Former municipality of Skagafjörður, Iceland

Seyluhreppur is an old Icelandic hreppur, or rural municipality, that is today part of Skagafjörður County, Iceland. It is located west of the Héraðsvötn river and is named after the town of Stóra-Seyla in Langholt, which was where county assemblies were held.

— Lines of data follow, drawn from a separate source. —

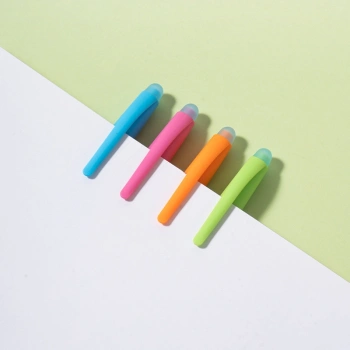 Набор ручек гелев. Deli (EG163-BK-P) ассорти d=0.5мм черн. черн. кор. (12шт) игловидный пиш. наконечник кругл. стираемая стираемые чернила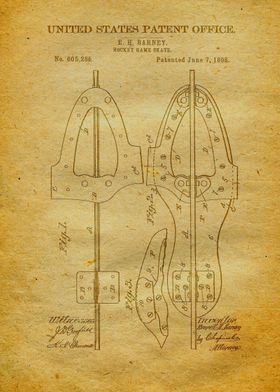 44 Hockey Skate Patent 18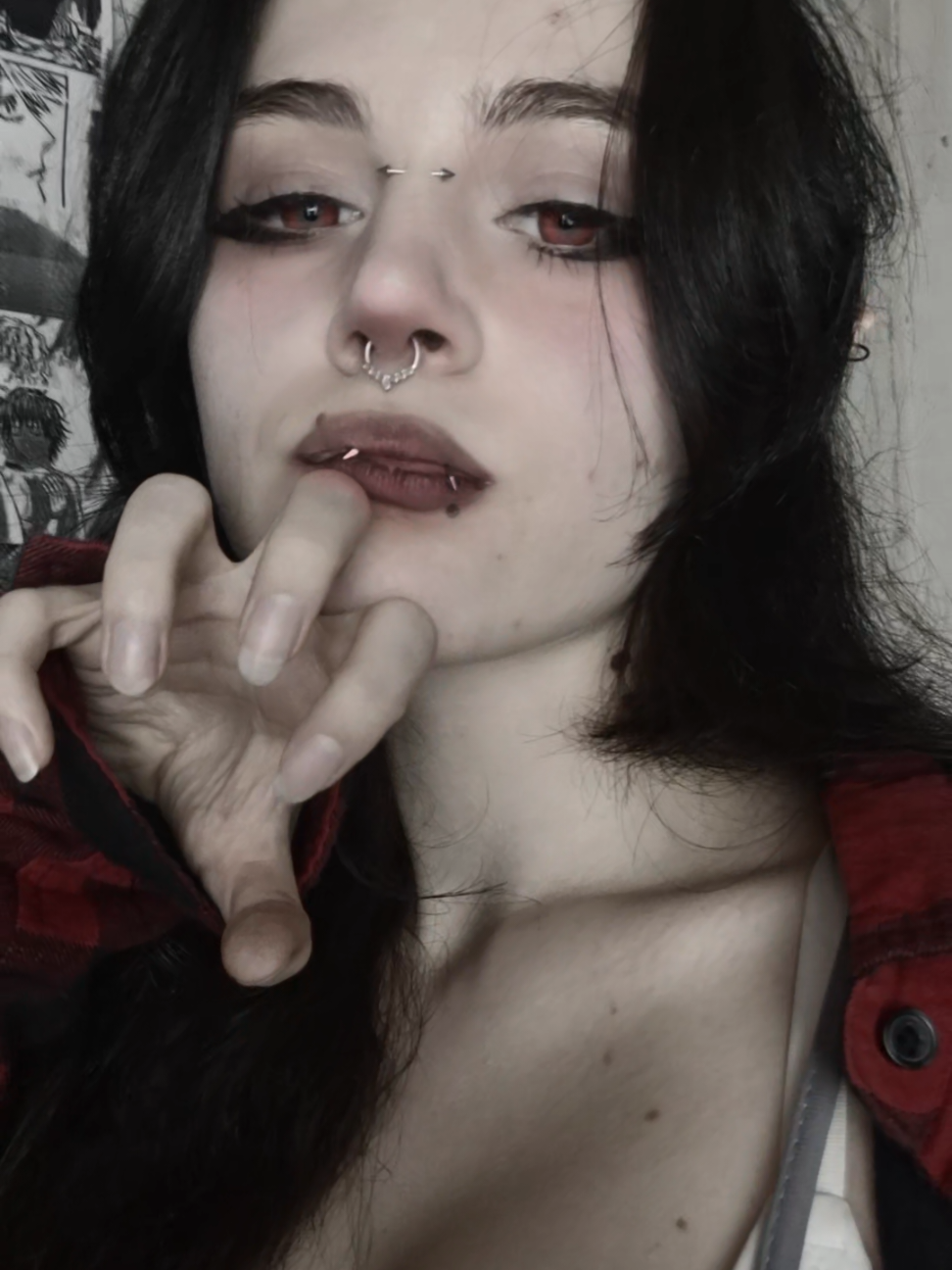 фоточки вечером в тгк:вилка блинн  #марселин #marselin #cosplayer #вампир 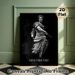 Roman Emperor Themed Painting Poster, Monochrome Vintage Sculpture Style Poster, Classic "Veni Vidi Vici" Historical Quote Design, Ideal For Home_maomaolike.com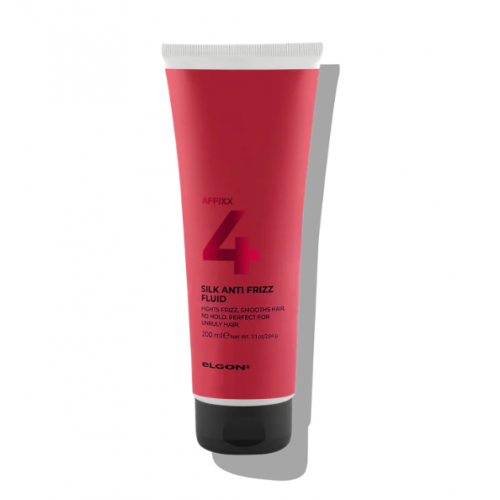 Флюїд для розгладження в'юнкого волосся - Elgon Affixx 4 Silk Anti-frizz Fluid 200 мл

Seyluhreppur consisted of four districts: Langholt, Vallhólmur, Víðimýrarhverfi, and Skörð, aside from Fjall, Geldingaholt, and Húsabakkabæirnir, which were not considered to belong to any of the four districts. Seyluhreppur is wide, but only of the hreppur's farms had land bordering the mountain. The municipality was completely located within the Glaumbær parish, where there were two churches: one in the town of Glaumbær and one in Víðimýri. In centuries past, there was also a church in Geldingaholt.

Agriculture was long the primary occupation of Seyluhreppur's population, but shortly before 1950, a small urban area developed in Varmahlíð, most of whose residents work in various types of businesses or in service jobs. Varmahlíð has a school, community center, hotel, and swimming pool, as well as shops and other services. After incorporating into the Skagafjörður County, 303 residents lived in the hreppur, with 125 in Varmahlíð.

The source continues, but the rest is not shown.